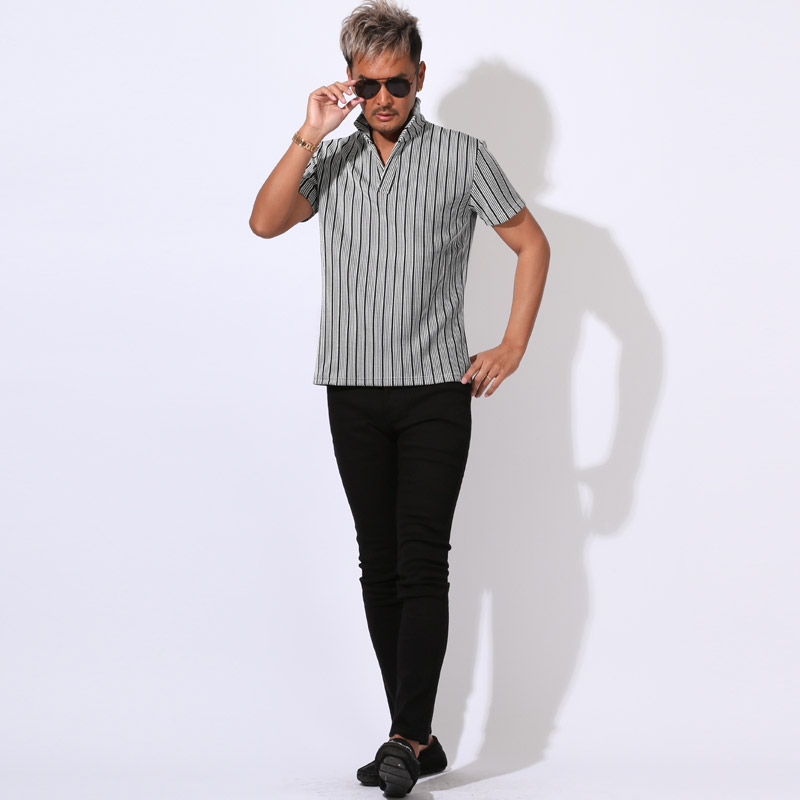 ポロシャツ カットソー 半袖 メンズ イタリアンカラー スタンドカラー ワイヤーカラー 立ち襟 ストライプ M L XL aa-3521 |  | 08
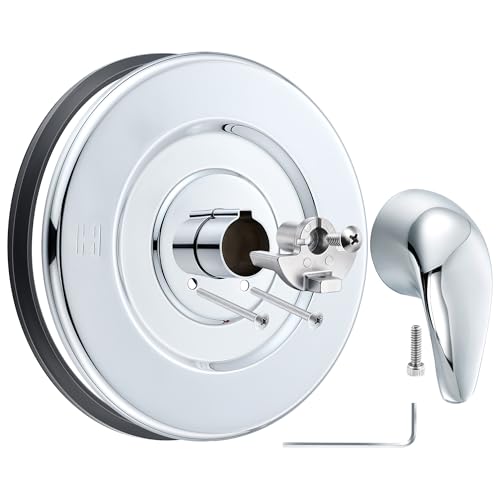 Image of Enhon Tub and Shower Trim Kit, Shower Trim Compatible with Moen Chateau TL470 Single Handle Tub /Shower Standard Valve, Escutcheon Screws Tube and Handle(Chrome, Lever)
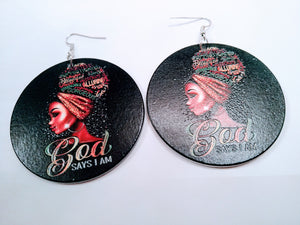 Handmade hook earrings " God says I am" - HPK Personalized Products and more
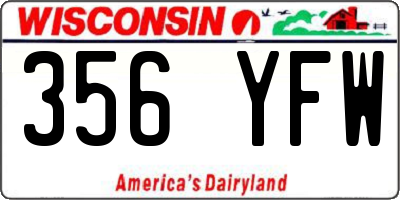 WI license plate 356YFW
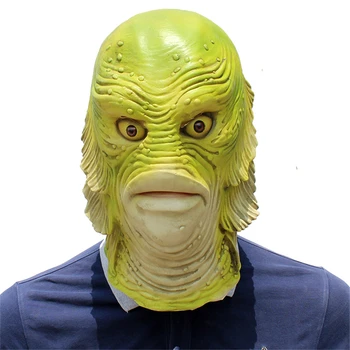 

Fish monster Latex Unisex Movie Cosplay Anime costume Prop Adult Animal Party Mask for Halloween
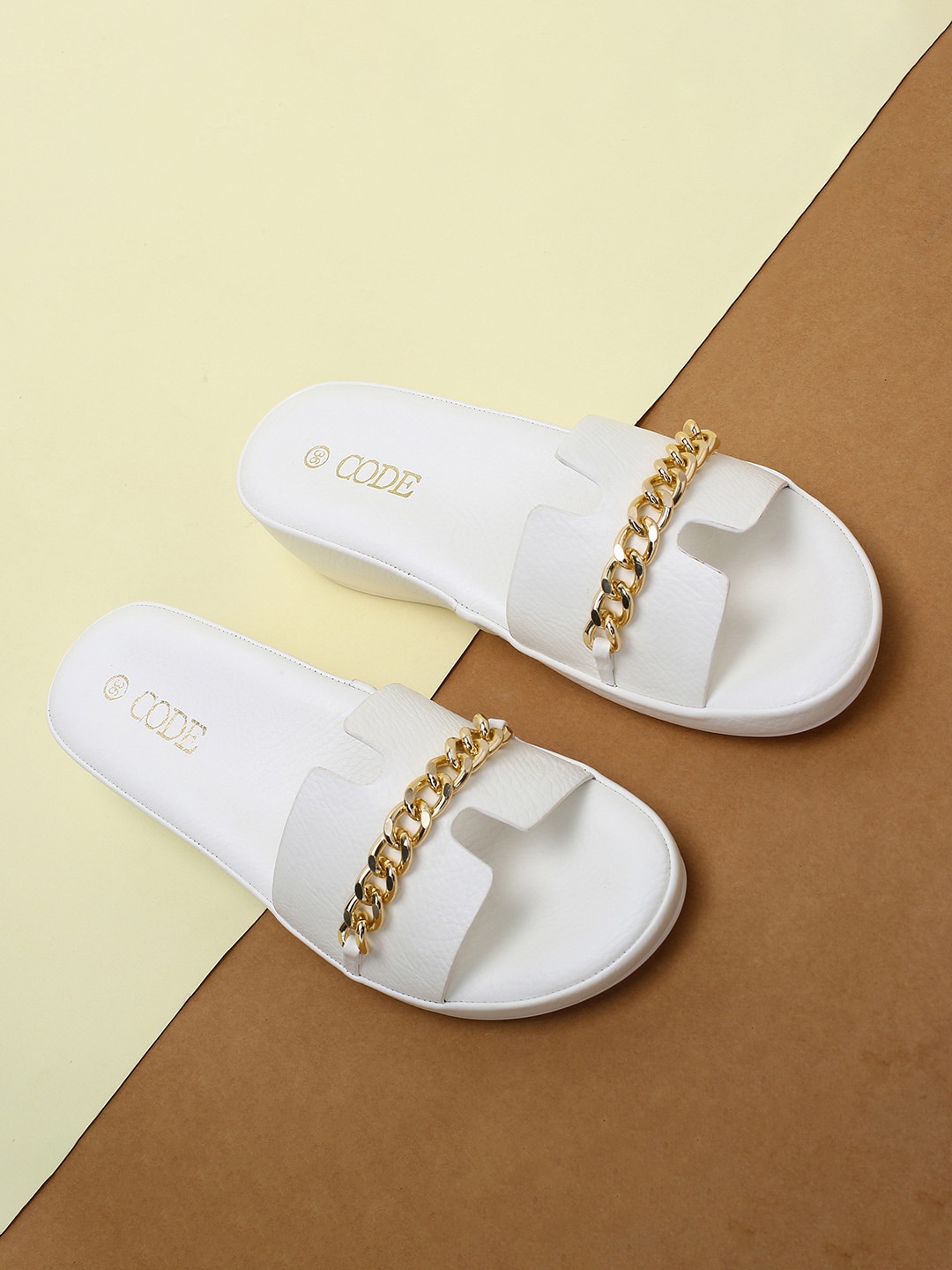 

CODE by Lifestyle Women White Open Toe Flats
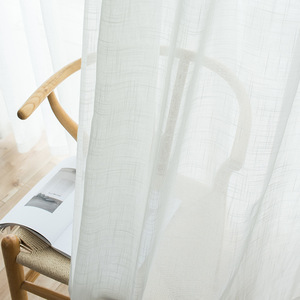 Soggiorno camera da letto <span class=keywords><strong>arredamento</strong></span> per la casa nuovo solido tessuto Tulle bianco lino tenda trasparente - Product Image 3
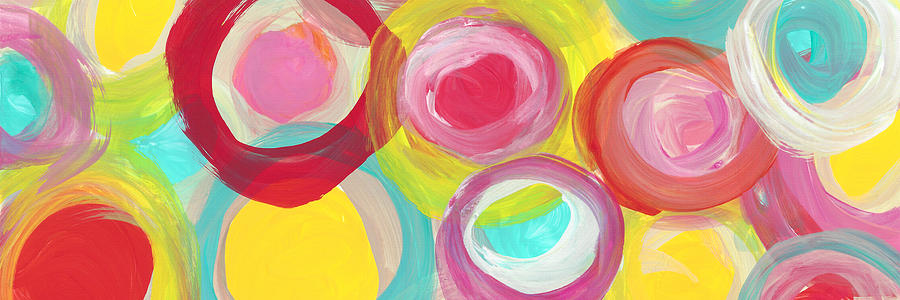 Colorful Sun Circles Panoramic Horizontal Painting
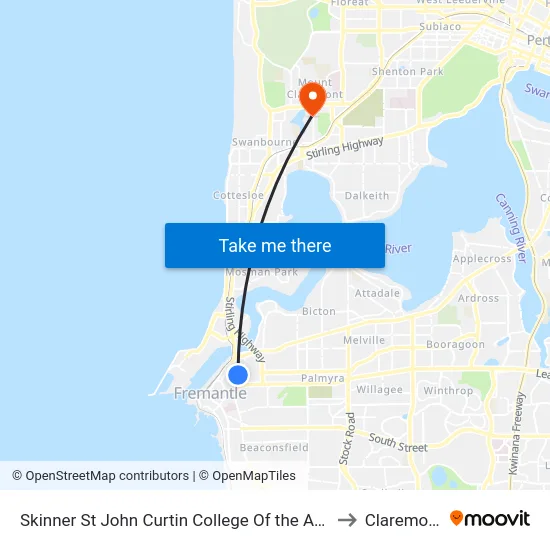 Skinner St John Curtin College Of the Arts to Claremont map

####

▶ _Aim of the task_:
Please copy exactly the lines from the one containing "Handmade hook earrings" through the last line of the records above, both included, and leave out any pictures.

▶ _Response to this task_:
 Handmade hook earrings " God says I am" - HPK Personalized Products and more
 WI license plate 356YFW

Fish monster Latex Unisex Movie Cosplay Anime costume Prop Adult Animal Party Mask for Halloween

CODE by Lifestyle Women White Open Toe Flats
 Soggiorno camera da letto <span class=keywords><strong>arredamento</strong></span> per la casa nuovo solido tessuto Tulle bianco lino tenda trasparente - Product Image 3
 Colorful Sun Circles Panoramic Horizontal Painting
 Skinner St John Curtin College Of the Arts to Claremont map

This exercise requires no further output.